Alison's Meatball & Cabbage Soup for the Demon

Here’s the soup recipe that goes with the duck broth in the last post. Alison’s meatballs, a combination of chicken and ground beef, sound delicious, but using what was on hand, I decided to go with the pork-venison mixture I had frozen earlier in the fall plus some ground beef. And instead of the pancetta in her recipe, I used “bacon bits” from our pig. It also occurred to me that I could use some of the great sausage from our local coop, if I wanted a quicker version.

The Meatballs
1 small onion, coarsely chopped
1 clove chopped garlic
2 Tb. parsley
2 oz. bacon (or pancetta), cut into 1/2 inch pieces
¼ cup dried breadcrumbs or panko (or more, if needed)
¼ grated parmesan
1 egg, lightly beaten
About 1 lb. mixed ground or finely chopped meat (beef, pork, chicken thighs, venison, veal, turkey)

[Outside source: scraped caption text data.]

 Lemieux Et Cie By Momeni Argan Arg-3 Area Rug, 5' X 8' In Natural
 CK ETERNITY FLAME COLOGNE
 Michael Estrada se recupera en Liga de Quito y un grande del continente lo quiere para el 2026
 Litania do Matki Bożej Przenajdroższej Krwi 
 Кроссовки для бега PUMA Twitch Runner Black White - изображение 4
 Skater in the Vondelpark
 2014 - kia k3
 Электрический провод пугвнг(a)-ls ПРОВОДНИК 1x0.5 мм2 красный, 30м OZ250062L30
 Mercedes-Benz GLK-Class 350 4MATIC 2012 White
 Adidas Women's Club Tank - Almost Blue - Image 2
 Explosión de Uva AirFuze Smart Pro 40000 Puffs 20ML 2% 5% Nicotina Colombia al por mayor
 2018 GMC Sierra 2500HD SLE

Cook the bacon or pancetta in a small pan, but do not let it become crisp. Put the onion, garlic, and parsley in the food processor and pulse the machine to chop the vegetables, then add the mixture to the bacon and cook for 2 or three minutes until the onion has softened. (Alison omits this step, and mixes the uncooked vegetables with the meat.) Cool. Add the ground meats to the onion mixture and mix well; then stir in the remaining ingredients. Form 1-inch balls and refrigerate until ready to use.

Finishing the Soup
3 Tb. olive oil
1 onion chopped
2 carrots, peeled and diced
2 celery stalks, diced
1 large or 2 medium Yukon gold potatoes, chopped (Alison uses ¼ pound of spaghetti in her version, but I love potatoes in soup and have a lot on hand, after a trip to Costco)
2 Tb. chopped parsley
1 clove garlic, peeled and chopped
Several chard or kale leaves, chopped (optional)
½ head cabbage (preferably Savoy), finely shredded
2 tsp. chopped thyme
4 quarts meat broth
Salt and ground pepper, to taste
The meatballs

Cook the onions, celery, carrots and parsley in a large soup pot over medium heat for about 8—10 minutes, until vegetables are softened. Stir in the cabbage, potato, garlic, thyme and chard or kale and continue to cook for about 5 minutes. Pour in the stock, bring to a boil, then reduce heat to a simmer. Taste the soup and added salt and pepper to taste. Partially cover the soup and cook for 20—30 minutes. At this point add the meatballs to the soup and poach for 20—30 minutes.

(If using pasta instead of potatoes, cook it separately and rinse with cold water to stop the cooking. Add to the soup just before serving—or if you expect to have leftover soup, add to the individual soup plates, as pasta will swell up in the remaining soup.) I made the soup without the pasta, but next time I will use both!

After 30 minutes, check the meatballs to see if they are cooked through; continue cooking if they are not. When done, serve the soup in wide plates, sprinkled with parsley and with grated parmesan cheese on the side. Serves about 8.